Hi loopine. Thanks for your answer.
The company I'm setting SB for sends 4 million voice mails daily.
We have a 24gb ram machine with 3.70 GHz (2 processors CPU)
What would be the maximin amount of scraping threads we could achieve with this?
What proxies would you use? Rotating Ones?
Could you recommend a provider and their package?
If you were to use Scrapebox to its maximum:
Where would you get the VM
How many proxies would you use and from where?
To how many threads would you set it to?
Thanks a lot loopline.
Mihailo
I can't say for sure the max scraping threads, but you could probably get near 2000 give or take. Windows can handle more then 200, sometimes, but sometimes it starts to have issues when you exceed that. If you want to scale its ideal to do as google does. Many smaller machines rather the fewer larger ones.
IF you have the machine already, max it out and then go from there. But if adding more you may find it better to do multiple smaller VPS of the 8GB to 12GB RAM.
Its not really possible to say for sure how many threads you can get, but its easy enough to find out, you just keep pushing the limit until it breaks and back it off some and then you know. You can run an unlimited number of instances of scrapebox on a single machine at any case, so no worries there.

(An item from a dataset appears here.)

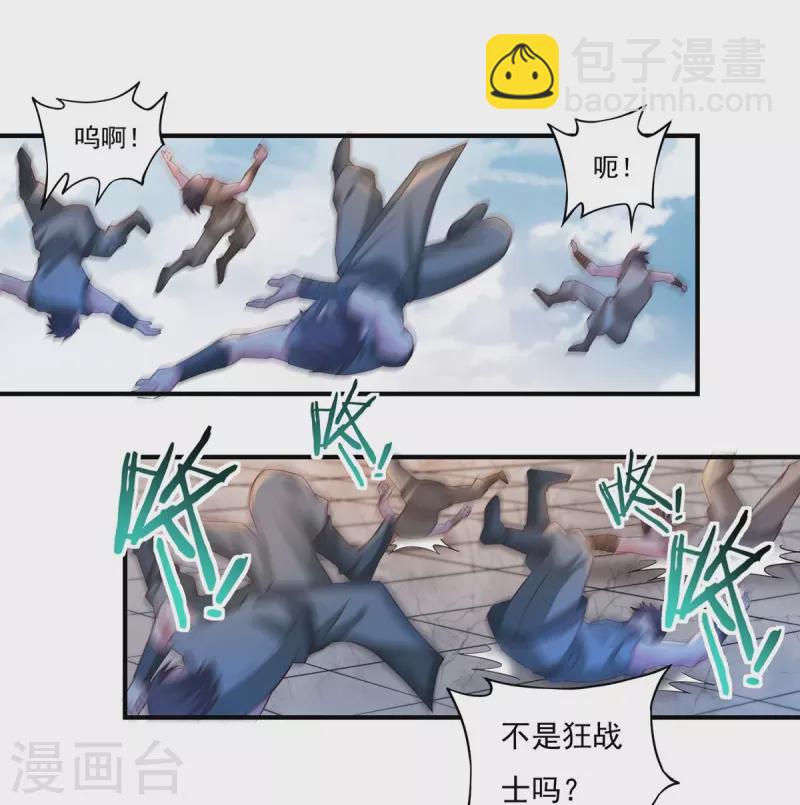 《开天录》第110话 石家危局2 第9页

rotating proxies are generally slow, as they are being used by multiple people, the source could be a generic public proxy thats in the pool, or slower sources. If you want speed, I would just use private proxies or shared private proxies. That way its data center based, you get speed and still have lots of ips.

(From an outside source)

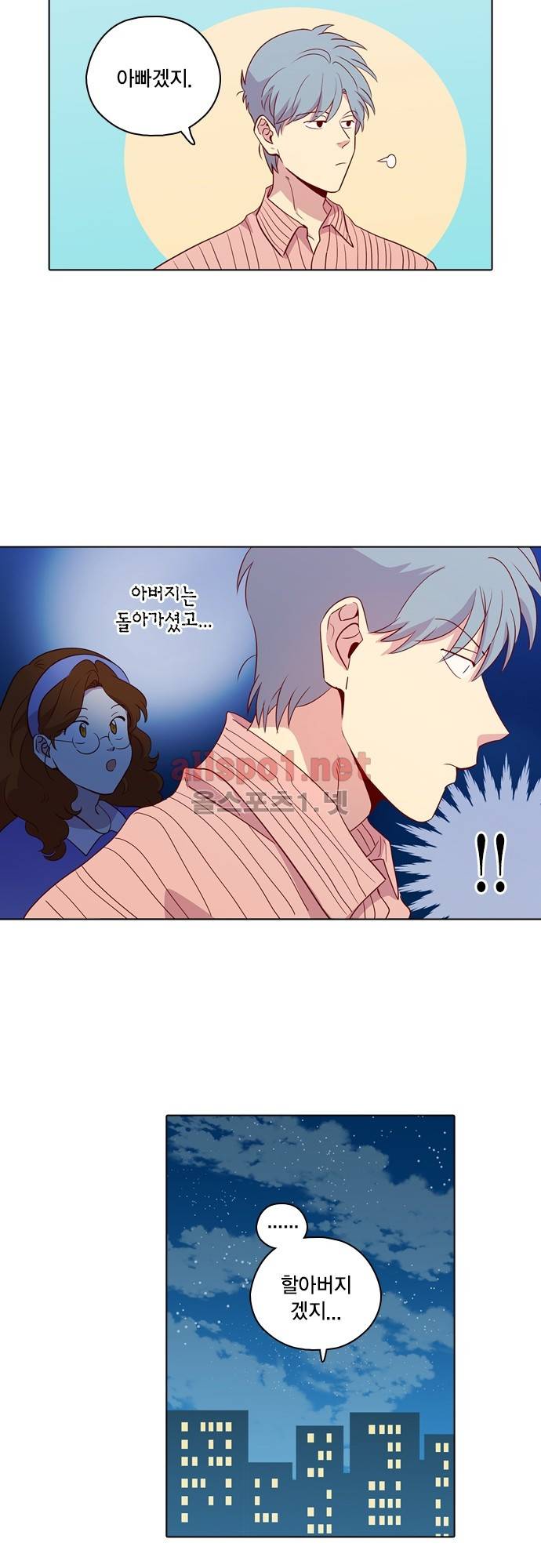 모럴센스 117화 (시즌4) 28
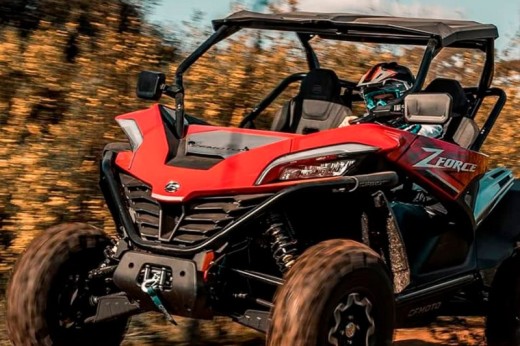 Buggy 2 Lugares - Rota Cascatas de Algar (3h 30m)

Unless your hitting a LOT of urls from a few domains, then quantity of proxies will only matter in relation to total volume/speed, and not quantity of ips. Google is not going to see the websites your scraping from anyway.
I assume you already have a list of urls/domains and you just need to scrape the phone numbers from them?

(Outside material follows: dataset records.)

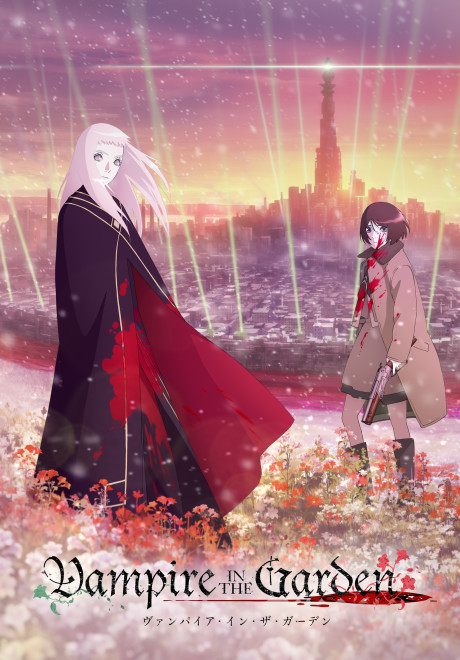 Вампир в саду (Vampire in the Garden)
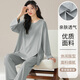抱抱棉女士睡衣女2025秋季新款長(cháng)袖長(cháng)褲套頭家居服綿柔舒適可外穿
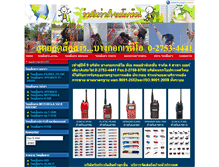Tablet Screenshot of bangkokradiota.com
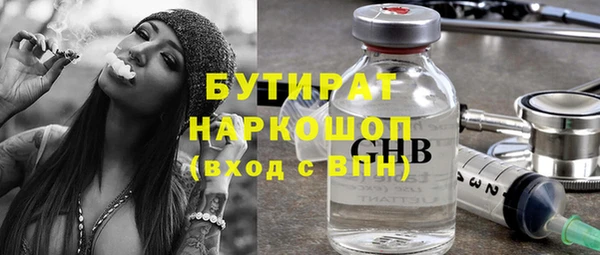 ПСИЛОЦИБИНОВЫЕ ГРИБЫ Наволоки
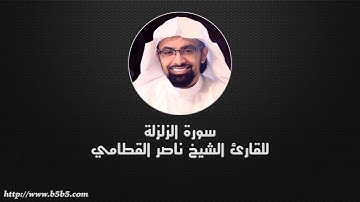 Surah Az-Zalzalah  -  The Earthquake - ناصر القطامي - سورة الزلزلة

provider, I would use my private proxy, Ill pm you a discount code and list of providers.
the machine I would get from solid SEO VPS, thats where I have used for years, but any place can work, just they are aware of scrapebox and all good.
how many proxies I would use, thats a good question. Ideally you want to use 10 connections per proxy. Some times you can use more, but its a good place to start. So 2000 connections is 200 proxies. etc.. So I would pick a number, say 150, 200 whatever, and try it. Then if all is well you can always add more proxies.
I would aim to get to 2000 threads, but you will need multiple instances.
At the end of the day, the name of the game here is push the envelop of the server and see where it chokes, then back off and your good. Thats how I have always done it anyway, its kind of like push every button, see what happens and then you know how stuff works.
Mind you that breaks stuff sometimes, and sometimes you have to clean up a mess, LOL But I am a limit pusher so its what I do.